Quality, Pirsig decided, was a crucial ingredient in daily life. The idea that some things were better than others and that these differences mattered powered everything from supermarkets to pro football to the fine arts. But Quality was also something that people didn't agree on. Is it subjective or objective? Why is one piece of art worth $50 million and the other thrown out with the trash? How do you measure Quality, prove that it exists? Everyone feels they know what it is, but no one could adequately define it beyond "what I like."

The short answer Pirsig came up with in Montana and Chicago after exploring many philosophical byways: Quality is neither objective nor subjective. It exists independently, and the fact that we don't realize this is part of the reason the world is in such a mess.

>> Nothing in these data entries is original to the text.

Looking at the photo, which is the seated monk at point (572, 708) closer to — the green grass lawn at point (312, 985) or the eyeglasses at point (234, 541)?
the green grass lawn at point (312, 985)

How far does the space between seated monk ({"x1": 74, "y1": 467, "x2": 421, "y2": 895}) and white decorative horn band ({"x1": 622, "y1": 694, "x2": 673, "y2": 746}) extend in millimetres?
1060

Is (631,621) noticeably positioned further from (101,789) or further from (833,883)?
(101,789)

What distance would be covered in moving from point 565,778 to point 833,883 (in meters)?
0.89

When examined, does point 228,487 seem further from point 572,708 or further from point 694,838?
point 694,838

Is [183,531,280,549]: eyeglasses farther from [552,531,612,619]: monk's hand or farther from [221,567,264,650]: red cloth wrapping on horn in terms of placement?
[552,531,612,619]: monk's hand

"I became so completely manic. I said, 'My God, I've solved the riddle of the universe!' Of course, anybody who says that is nuts. That's almost a definition of the term. From that moment on, it's been a battle between the original vision and the unbelievingness of the public."

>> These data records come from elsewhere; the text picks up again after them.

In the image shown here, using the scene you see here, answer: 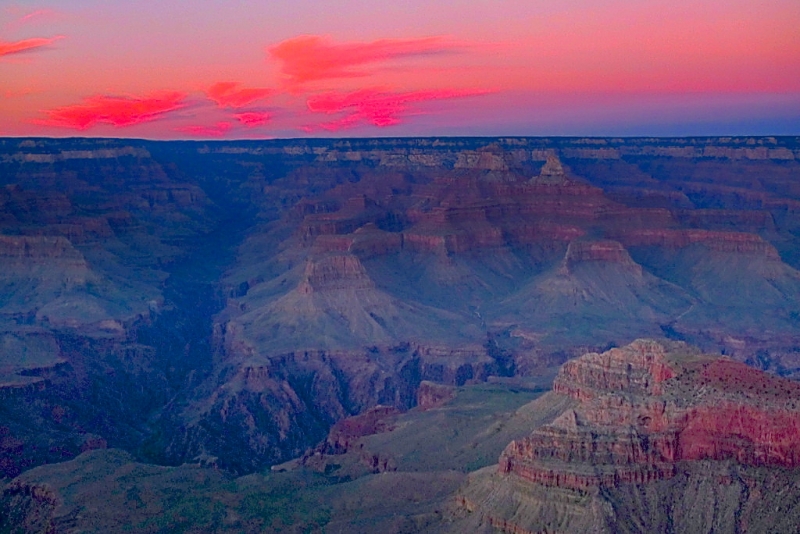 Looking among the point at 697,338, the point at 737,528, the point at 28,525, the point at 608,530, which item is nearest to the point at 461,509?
the point at 608,530

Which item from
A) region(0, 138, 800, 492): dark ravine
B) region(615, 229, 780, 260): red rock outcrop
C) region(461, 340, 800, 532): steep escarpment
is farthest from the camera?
region(615, 229, 780, 260): red rock outcrop

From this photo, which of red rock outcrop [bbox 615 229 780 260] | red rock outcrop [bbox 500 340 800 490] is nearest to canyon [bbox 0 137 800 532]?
red rock outcrop [bbox 500 340 800 490]

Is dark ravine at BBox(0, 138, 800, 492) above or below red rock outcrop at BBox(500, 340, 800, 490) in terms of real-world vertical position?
below

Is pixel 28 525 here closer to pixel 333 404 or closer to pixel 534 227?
pixel 333 404

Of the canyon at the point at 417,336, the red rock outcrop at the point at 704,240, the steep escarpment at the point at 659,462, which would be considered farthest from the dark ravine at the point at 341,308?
the steep escarpment at the point at 659,462

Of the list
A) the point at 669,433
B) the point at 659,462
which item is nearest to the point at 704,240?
the point at 669,433

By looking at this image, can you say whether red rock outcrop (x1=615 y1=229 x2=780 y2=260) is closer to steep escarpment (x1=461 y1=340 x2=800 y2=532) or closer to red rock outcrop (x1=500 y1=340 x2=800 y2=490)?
red rock outcrop (x1=500 y1=340 x2=800 y2=490) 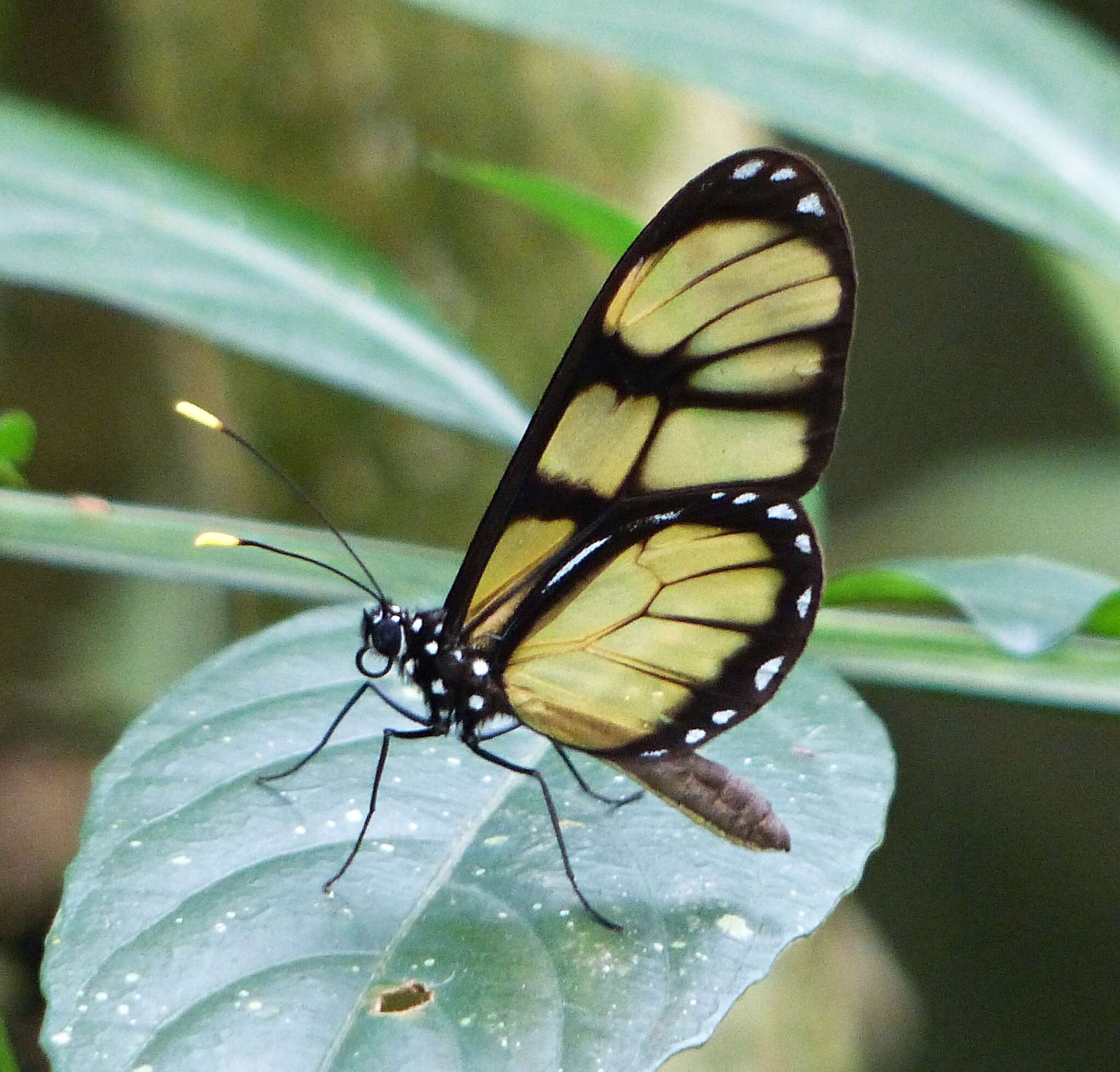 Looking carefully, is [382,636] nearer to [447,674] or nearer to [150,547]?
[447,674]

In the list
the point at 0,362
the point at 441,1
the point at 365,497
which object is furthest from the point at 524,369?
the point at 0,362

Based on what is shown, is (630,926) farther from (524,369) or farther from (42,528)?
(524,369)

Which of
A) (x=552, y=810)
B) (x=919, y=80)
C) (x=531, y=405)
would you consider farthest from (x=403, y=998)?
(x=531, y=405)

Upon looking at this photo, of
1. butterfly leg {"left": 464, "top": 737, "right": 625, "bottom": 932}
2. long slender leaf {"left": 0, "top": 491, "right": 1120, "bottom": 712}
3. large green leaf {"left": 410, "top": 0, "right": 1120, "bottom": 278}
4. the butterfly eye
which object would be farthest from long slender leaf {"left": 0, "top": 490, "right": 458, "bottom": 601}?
large green leaf {"left": 410, "top": 0, "right": 1120, "bottom": 278}

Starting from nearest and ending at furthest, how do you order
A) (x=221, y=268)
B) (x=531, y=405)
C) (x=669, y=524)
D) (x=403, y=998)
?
(x=403, y=998) → (x=669, y=524) → (x=221, y=268) → (x=531, y=405)

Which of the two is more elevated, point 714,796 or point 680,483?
point 680,483

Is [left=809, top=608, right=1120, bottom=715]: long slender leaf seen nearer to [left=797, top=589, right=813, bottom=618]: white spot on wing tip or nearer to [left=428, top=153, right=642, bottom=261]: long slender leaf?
[left=797, top=589, right=813, bottom=618]: white spot on wing tip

Bantam Books is a believer. The publishing house is said to have paid more than $2 million for "Lila," which means a big push to sell as many copies as possible. Pirsig isn't doing radio or television interviews, a form of reticence that he knows can undercut sales. Yet his hopes are even higher than Bantam's.

He hopes the metaphysics of Quality in "Lila" will be a tool to help people sort out social issues such as abortion. If people are still reading both his books a century from now, he believes "Lila" will be considered more important. He's eager for scholars to pick the book apart, to take it as seriously as Kant or Hegel.

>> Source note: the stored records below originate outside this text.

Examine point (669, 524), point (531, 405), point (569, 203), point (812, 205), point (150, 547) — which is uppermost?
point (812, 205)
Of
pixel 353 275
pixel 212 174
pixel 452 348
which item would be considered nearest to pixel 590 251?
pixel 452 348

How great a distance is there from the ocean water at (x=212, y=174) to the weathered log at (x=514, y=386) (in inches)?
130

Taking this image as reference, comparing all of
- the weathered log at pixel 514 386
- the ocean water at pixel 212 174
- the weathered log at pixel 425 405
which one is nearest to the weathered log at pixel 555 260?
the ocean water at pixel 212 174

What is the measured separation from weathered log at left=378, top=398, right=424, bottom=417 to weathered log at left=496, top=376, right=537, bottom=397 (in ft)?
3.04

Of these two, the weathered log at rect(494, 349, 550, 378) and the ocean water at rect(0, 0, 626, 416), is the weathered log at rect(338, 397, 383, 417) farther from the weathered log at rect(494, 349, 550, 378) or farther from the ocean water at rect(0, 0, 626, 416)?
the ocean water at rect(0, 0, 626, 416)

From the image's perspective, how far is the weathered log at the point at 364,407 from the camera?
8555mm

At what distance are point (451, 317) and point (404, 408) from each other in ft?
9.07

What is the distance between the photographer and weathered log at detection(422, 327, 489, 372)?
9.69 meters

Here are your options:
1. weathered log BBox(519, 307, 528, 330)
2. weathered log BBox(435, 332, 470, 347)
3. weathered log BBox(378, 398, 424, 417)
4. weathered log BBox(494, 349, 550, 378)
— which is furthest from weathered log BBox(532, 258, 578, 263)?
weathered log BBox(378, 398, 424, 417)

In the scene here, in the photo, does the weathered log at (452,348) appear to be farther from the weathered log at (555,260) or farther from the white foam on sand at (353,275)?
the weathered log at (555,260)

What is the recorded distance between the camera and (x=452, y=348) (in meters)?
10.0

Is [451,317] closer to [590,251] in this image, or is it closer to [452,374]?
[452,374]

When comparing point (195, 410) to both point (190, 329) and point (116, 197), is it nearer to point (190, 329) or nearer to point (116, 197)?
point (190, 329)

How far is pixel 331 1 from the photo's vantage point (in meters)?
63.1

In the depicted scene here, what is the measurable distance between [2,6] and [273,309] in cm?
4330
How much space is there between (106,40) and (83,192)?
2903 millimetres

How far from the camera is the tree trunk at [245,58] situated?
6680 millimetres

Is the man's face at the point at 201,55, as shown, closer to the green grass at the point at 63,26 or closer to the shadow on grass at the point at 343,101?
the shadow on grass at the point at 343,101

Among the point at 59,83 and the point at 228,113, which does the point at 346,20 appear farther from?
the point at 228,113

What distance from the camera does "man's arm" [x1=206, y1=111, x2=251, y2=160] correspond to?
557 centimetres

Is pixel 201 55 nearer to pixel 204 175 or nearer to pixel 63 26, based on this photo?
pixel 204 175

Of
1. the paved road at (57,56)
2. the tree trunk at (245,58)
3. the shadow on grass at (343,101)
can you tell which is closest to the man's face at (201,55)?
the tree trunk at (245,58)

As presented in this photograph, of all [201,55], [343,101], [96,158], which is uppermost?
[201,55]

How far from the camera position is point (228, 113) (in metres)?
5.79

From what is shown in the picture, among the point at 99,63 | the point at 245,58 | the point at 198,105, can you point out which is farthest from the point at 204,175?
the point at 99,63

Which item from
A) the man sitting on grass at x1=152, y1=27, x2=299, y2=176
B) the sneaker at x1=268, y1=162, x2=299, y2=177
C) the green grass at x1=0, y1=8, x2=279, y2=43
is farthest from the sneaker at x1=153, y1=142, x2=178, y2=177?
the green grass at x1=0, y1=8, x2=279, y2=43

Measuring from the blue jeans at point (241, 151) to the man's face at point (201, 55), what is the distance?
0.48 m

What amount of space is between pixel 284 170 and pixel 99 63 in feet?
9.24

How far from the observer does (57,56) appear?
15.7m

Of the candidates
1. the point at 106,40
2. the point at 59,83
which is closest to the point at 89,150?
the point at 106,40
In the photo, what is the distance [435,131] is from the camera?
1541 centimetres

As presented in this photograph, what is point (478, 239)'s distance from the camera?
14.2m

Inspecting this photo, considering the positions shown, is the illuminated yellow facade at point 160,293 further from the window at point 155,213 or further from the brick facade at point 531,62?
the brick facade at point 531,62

It's a tall order. Most people would feel that, in an increasingly post-print culture, no book could have that kind of effect. But in any case, the author has done his part. He can move on to other things, become for once an easy rider. "The motorcycle's all tuned up," Pirsig says, "all ready to go, and I'm ready to hit the road."

Entering the Illusion

From Robert Pirsig's "Lila: An Inquiry Into Morals":

"... there are times when the culture actually fosters trance and hypnosis to further its purposes. The theater's a form of hypnosis. So are movies and TV. When you enter a movie theater you know that all you're going to see is 24 shadows per second flashed on a screen to give an illusion of moving people and objects. Yet despite this knowledge you laugh when the 24 shadows per second tell jokes and cry when the shadows show actors faking death. You know they are an illusion yet you enter the illusion and become part of it and while the illusion is taking place you are not aware that it is an illusion. This is hypnosis. It is trance. It's also a form of temporary insanity. But it's also a powerful force for cultural reinforcement and for this reason the culture promotes movies and censors them for its own benefit.

"Phaedrus thought that in the case of permanent insanity the exits to the theaters have been blocked, usually because of the knowledge that the show outside is so much worse. The insane person is running a private unapproved film which he happens to like better than the current cultural one. If you want him to run the film everyone else is seeing, the solution would be to find ways to prove to him that it would be valuable to do so, Phaedrus thought. Otherwise why should he get 'better'? He already is better. It's the patterns that constitute 'betterness' that are at issue. From an internal point of view insanity isn't the problem. Insanity is the solution."